“Lean Drawing” an exaptation story

Chris Young
4 min readMar 20, 2019

Three years ago I was inspired by the artist Pascal Anson to make some pen and ink drawings of people using a strategy he shared on BBC TV’s Big Painting Challenge. Here’s one of them:

People in Peckham using the Pascal Anson Movement Strategy

Here’s Anson describing the strategy:

As a practitioner of Lean strategies and methods in Software development there was a lot that appealed to me about Anson’s approach:

Continuous Flow

A single person is drawn with a single brush mark. This means you always have a potentially finished drawing. There is only ever a tiny amount of work in progress as once the brush is lifted off the paper the person is drawn.

This is akin to the lean idea of continuous, or single piece, flow where you aim to complete the delivery of something of value before starting on the next.

Feedback Loops and emergent behaviour

As people are added to the drawing they shape its composition. They determine where the next person will be placed. As the people being drawn are moving around you have no idea what the final drawing will look like in detail but you continue with the goal of conveying a sense of people moving in space.

This is what we find in software. We have a goal we hope to fulfil but we don’t know everything about the requirements we need to meet. As we deliver work of value that informs what we choose to do next.

Power of Aggregate

When we look at the data that represents our work, a single data point tells us little or nothing. As we gather more data and visualise it we see patterns that help us to better understand it. The whole is greater than the sum of its parts:

Cycle Time Scatterplot taken from ActionableAgile’s Example Data

Similarly with these movement drawings. The more figures we add, the more coherent and believable the picture of the crowd becomes.

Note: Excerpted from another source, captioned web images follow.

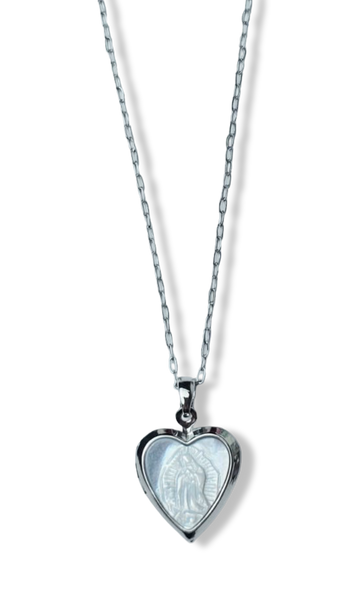 COLLAR VIRGEN MADRE PERLA RELICARIO PLATEADO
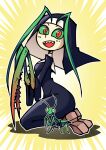  1girl antennae arthropod_girl black_dress commission dress full_body green_hair highres kneeling mantis_girl monster_girl nun original pixiv_commission praying_mantis setz sharp_teeth simple_background solo teeth 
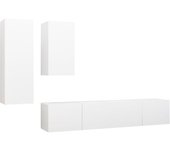 Mueble TV combinadoSet de muebles de salón TV 4 piezas madera de ingeniería blanco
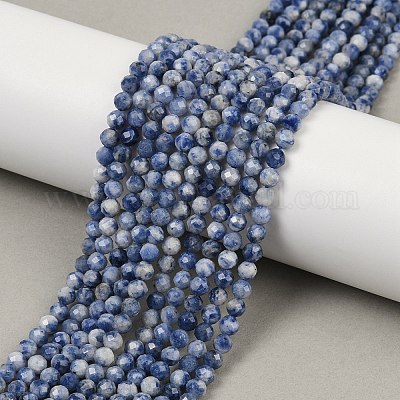 Натуральное синее пятно нитки из бисера яшмы G-A252-A02-4mm-1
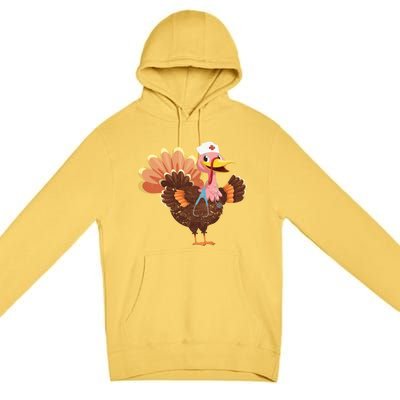 Turkey Nurse Stethoscope Funny Thanksgiving Nurses Rn Icu Er Gift Premium Pullover Hoodie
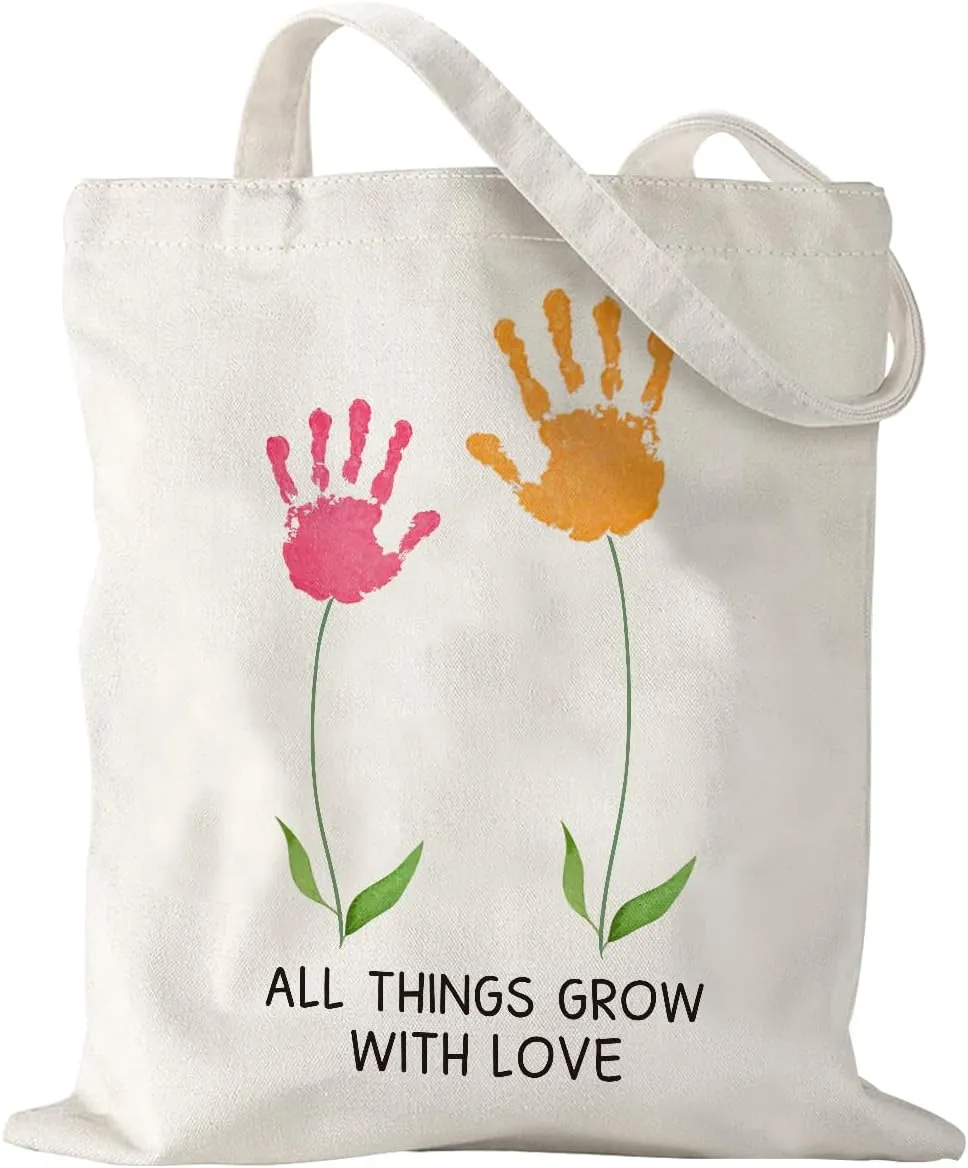 Mother's Day Mom Gifts for Mom Appreciation Thank You Teacher Gifts Handprint Diy Kit Canvas Tote Bags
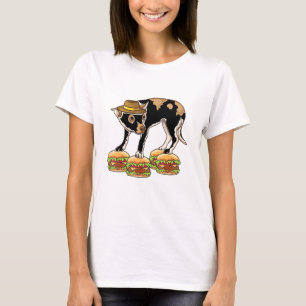 T-shirt Chihuahua En Équilibre Casquette Sur Hamburgers Da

Seeing these analogues between the drawing strategy and lean led me to run an experiment at the British Computer Society conference London Lean Kanban Day 2017 to see if the attendees of the conference could, as a group, create a picture of the event by each contributing a single figure to a drawing. The photos above show people doing just that and below is the result:

What happened next…

The thing that makes this story worth telling three years after the event is what happened next. During the conference marathon runner Karl Scotland was collecting sponsorship money on behalf of The National Autistic Society. As the drawing was coming together, Chris Matts suggested we auction the drawing to raise money as well.

Helen Meek

“Great idea” I said. Then Helen Meek proposed that we auction not just the picture but donations from her and other speakers at the conference. This included things like coaching sessions, signed books, places on course and cups of coffee.

The result was an auction raising several thousand pounds for The National Autistic Society.

The next year the auction was held again at London Lean Kanban Day 2018 and more money was raised.

This year it was held again with over three thousand pounds being raised for Cancer Research UK.

The London Lean Kanban Day 2019 auction

So what started as a strategy for drawing people moving around became an experiment at a British Computing Society conference which became a way of raising money for charity which has then been repeated for three years running.

Liz Keogh spoke at this year’s conference about exaptation, the process by which features acquire functions for which they were not originally adapted or selected. I don’t know if the story told here strictly meets this definition but certainly the evolution from Anson’s original strategy to the conference’s tradition of ending with a charity auction was not intentional.

It remains a wonderful thing and something the community around the conference are justifiably proud.